Einen Teil der Ausstellung machen die Roll-Ups der sudetendeutschen Landsmannschaft aus, deren Weilimdorfer Ortsgruppe im kommenden Jahr ihr 75-jähriges Bestehen feiert: In ihnen kann man die Geschichte der deutschen Minderheiten in der Tschechoslowakei nachlesen, sowie ihre Vertreibung nach Kriegsende. Andere Flüchtlingszüge kamen etwa aus Bessarabien, der Batschka oder dem Banat und werden in den Plakaten von Edeltraud John dargestellt. Einige Tafeln zeigen aber auch Weilimdorf während des Zweiten Weltkriegs und unmittelbar danach: Zu sehen sind Kinderzeichnungen von Hilde Adler vom Alltag im Luftschutzbunker, sie hat aber auch den Abschied vom Vater und von den Brüdern festgehalten, die nach dem Heimaturlaub wieder an die Front zurück mussten. Außerdem liest man von der Scheinanlage auf dem Grund der früheren Domäne Bergheimer Hof, die zwar der Innenstadt einige Bombenabwürfe ersparte, im Gegenzug aber Tod und Verderben nach Weilimdorf brachte. Und noch immer kommen bei Bauarbeiten ab und zu Blindgänger ans Tageslicht.

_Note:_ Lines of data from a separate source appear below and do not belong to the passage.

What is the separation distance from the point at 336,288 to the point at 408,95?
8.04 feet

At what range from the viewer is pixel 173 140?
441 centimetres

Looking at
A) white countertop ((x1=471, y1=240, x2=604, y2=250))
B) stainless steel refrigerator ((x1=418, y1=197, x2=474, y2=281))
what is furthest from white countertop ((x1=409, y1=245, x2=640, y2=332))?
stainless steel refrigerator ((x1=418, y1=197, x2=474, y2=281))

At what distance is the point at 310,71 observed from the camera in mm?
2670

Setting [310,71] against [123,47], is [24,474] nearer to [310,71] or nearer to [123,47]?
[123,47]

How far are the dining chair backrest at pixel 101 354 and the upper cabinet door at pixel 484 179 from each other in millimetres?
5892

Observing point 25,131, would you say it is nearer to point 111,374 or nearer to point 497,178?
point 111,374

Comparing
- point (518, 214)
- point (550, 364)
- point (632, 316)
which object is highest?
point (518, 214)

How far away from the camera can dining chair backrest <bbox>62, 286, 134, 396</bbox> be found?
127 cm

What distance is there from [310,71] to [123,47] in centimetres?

Viele Siedler fanden den Tod

Ein anderer Ausstellungsteil beleuchtet, wieso sich lange davor deutsche Siedler auf den Weg gen Osten gemacht hatten: Viele fanden hierzulande kein Auskommen mehr und folgten den Aufrufen, die ihnen ein besseres Leben nach dem Wiederaufbau der nach Ende der Türken-Besatzung völlig verheerten und entvölkerten Landstriche versprachen. Viele Siedler fanden dabei den Tod, wie eine Redensart reflektiert: „Dem ersten der Tod, dem zweiten die Not, dem dritten das Brot.“ Und dann kamen die Weltkriege und nicht nur die Angehörigen der deutschen Minderheiten mussten sich erneut auf den Weg machen. Wirklich willkommen waren die Neuankömmlinge auch hier nur selten, die Alteingesessenen hatten zwischen Hungerwinter und Trümmerräumen genug eigene Probleme, auch davon berichtet die Ausstellung: „Ich wollte ja auch zeigen, auf welche Situation die Leute in Deutschland trafen“, sagt Edeltraud John. Vor allem die Raumnot war groß, sodass bald ganze Viertel neu gebaut werden mussten: Giebel gehört dazu.

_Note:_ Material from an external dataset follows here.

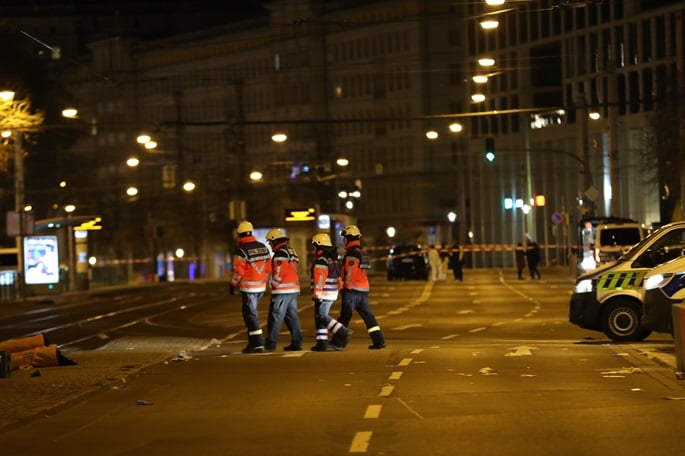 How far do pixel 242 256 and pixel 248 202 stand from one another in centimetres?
8244

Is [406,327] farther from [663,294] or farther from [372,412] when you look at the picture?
[372,412]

Besonders spannend lesen sich die Biografien in der Ausstellung, weil sie zeigen, wie es nach dem Einschnitt der Fluchterfahrung weiterging. So berichten sie etwa vom Armenier Garbis Terzian, der erst aus der Türkei nach Griechenland floh, 1954 nach Giebel kam und hier bis ins Jahr 2000 Schuhe reparierte. „In seiner Werkstatt hing eine Karte von Argentinien an der Wand. Dorthin waren seine Mutter und sein Bruder ausgewandert.“ So wie in seinem Fall hat die menschliche Fähigkeit zum Neubeginn das Weilimdorfer Leben nachhaltig bereichert.

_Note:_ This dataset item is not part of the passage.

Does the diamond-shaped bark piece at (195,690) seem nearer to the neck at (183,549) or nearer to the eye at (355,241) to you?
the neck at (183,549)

Edeltraud John war mitten in der Ausstellungsplanung, als sie die ersten Bilder aus der Ukraine erreichten: „Das alles hat mich sehr mitgenommen”, sagt sie.

Und so nimmt man von dieser Ausstellung mit, dass es immer falsch ist, wenn Menschen wie Spielfiguren herumgeschoben werden. Und dass Heimat umso wichtiger wird, je mehr man im Begriff ist, sie zu verlieren.

Info: Die Ausstellung „Neue Heimat in Weil im Dorf“ ist bis 21. Juli im Weilimdorfer Bezirksrathaus, Löwen-Markt 1, zu sehen. Öffnungszeiten: Montags bis mittwochs von 8.30 bis 16 Uhr, donnerstags von 8.30 bis 18 Uhr und freitags von 8.30 bis 13 Uhr.